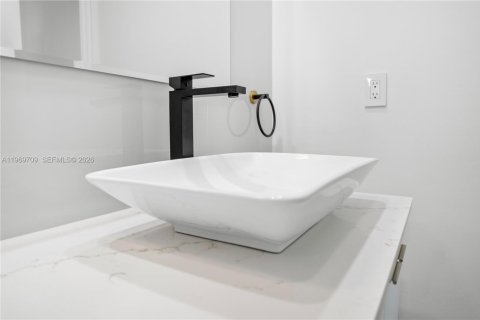 Casa en venta en Cape Coral, Florida, 4 dormitorios, 174.66 m2 № 2030556 - foto 29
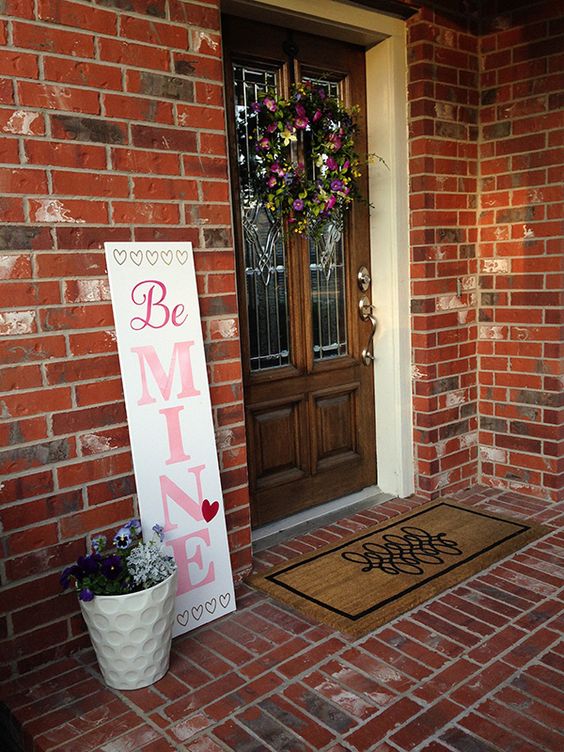 How to Make a Valentines Porch Sign #valentinescrafts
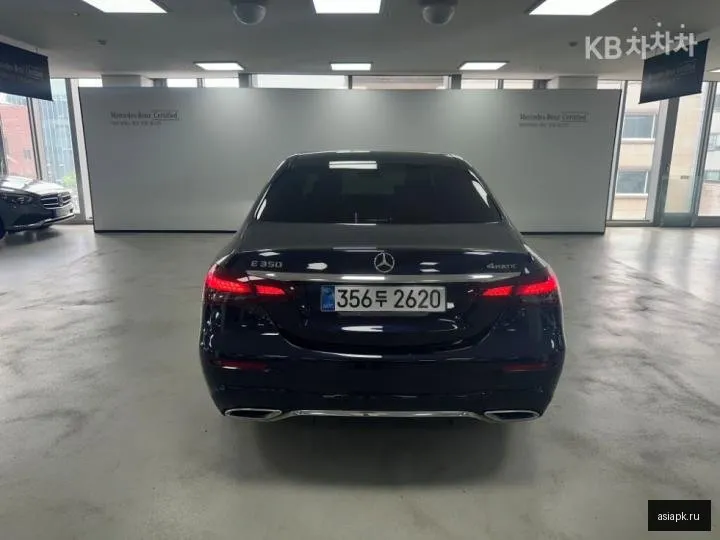 Mercedes-Benz E-Class 3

■ **WORK REQUIRED**
None of the pictures should be reproduced; all other material above must be set down exactly.

■ **TASK ANSWER**
 Casa en venta en Cape Coral, Florida, 4 dormitorios, 174.66 m2 № 2030556 - foto 29
 How to Make a Valentines Porch Sign #valentinescrafts
 Mercedes-Benz E-Class 3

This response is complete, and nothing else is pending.